For instance, if a die is fair, we'd expect each number to come up about one-sixth of the time in a large number of rolls. If we rolled the die 600 times, the expected count for each number would be 100 rolls. In a statistical test, we apply the same principle to see if our observed data significantly deviates from these expected counts, which might suggest that the die is not fair after all.

In the provided exercise, the total number of observations was 2000, and the expected proportion of category B, according to the null hypothesis, was 0.35. Thus, the expected count for category B was calculated to be 700, highlighting how frequent we would expect category B to occur purely by chance if the null hypothesis held true.

Chi-Square Statistic

The chi-square statistic is a measure used to evaluate how well observed outcomes fit expected outcomes under the null hypothesis. It's calculated by summing the squares of the differences between the observed (\(O\)) and expected (\(E\)) counts, divided by the expected counts for all categories.

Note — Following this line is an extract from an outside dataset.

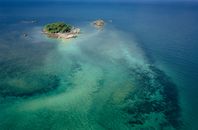 Small tropical island in blue ocean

Mathematically, we express this as \( \chi^2 = \sum \frac{(O_i - E_i)^2}{E_i} \), where \(O_i\) and \(E_i\) are the observed and expected counts for category \(i\), respectively. A higher chi-square value indicates a greater discrepancy between the observed and expected data, which can lead us to question the validity of the null hypothesis.

In our exercise, we saw a contribution to the chi-square statistic for category B calculated to be 1.389. This value is just one part of the overall chi-square statistic, which would be completed by calculating similar contributions for each category and summing them up.

Degrees of Freedom

Degrees of freedom are an essential concept in statistics, representing the number of values in a calculation that are free to vary. When conducting a Chi-Square Goodness-of-Fit test, the degrees of freedom are determined by the number of categories we are examining minus one.This subtraction accommodates the constraint that the total observed frequencies must equal the total expected frequencies. The degrees of freedom affect the shape of the chi-square distribution, which is used to determine the p-value of the test. In general, the more degrees of freedom, the closer the distribution will look to a normal distribution.

In the context of the exercise, the chi-square distribution is based on six categories, meaning the degrees of freedom we calculated were 5 (\(6 - 1 = 5\)). This figure is then used to reference the chi-square distribution table or a computational tool to assess the likelihood of observing a chi-square statistic as extreme as our calculation, assuming the null hypothesis is true.

Null Hypothesis

The null hypothesis (\(H_0\)) in a statistical test is a statement of no effect or no difference. It's the default assumption that there is no relationship between two measured phenomena. In a Chi-Square Goodness-of-Fit test, we use the null hypothesis to specify the expected probabilities of the different categories if the hypothesis is true.

To test the null hypothesis, we compare the observed data with what we would expect under this assumption. If the observed data are significantly different from the expected data, we may have enough evidence to reject the null hypothesis in favor of the alternative hypothesis (\(H_a\)), which suggests that at least one of the expected probabilities does not hold true.

In our exercise, the table provided the expected probabilities for each category under the null hypothesis. A deviation from these probabilities in our observed data might indicate that the assumption of the null hypothesis - that the data fits these expected probabilities - could be incorrect.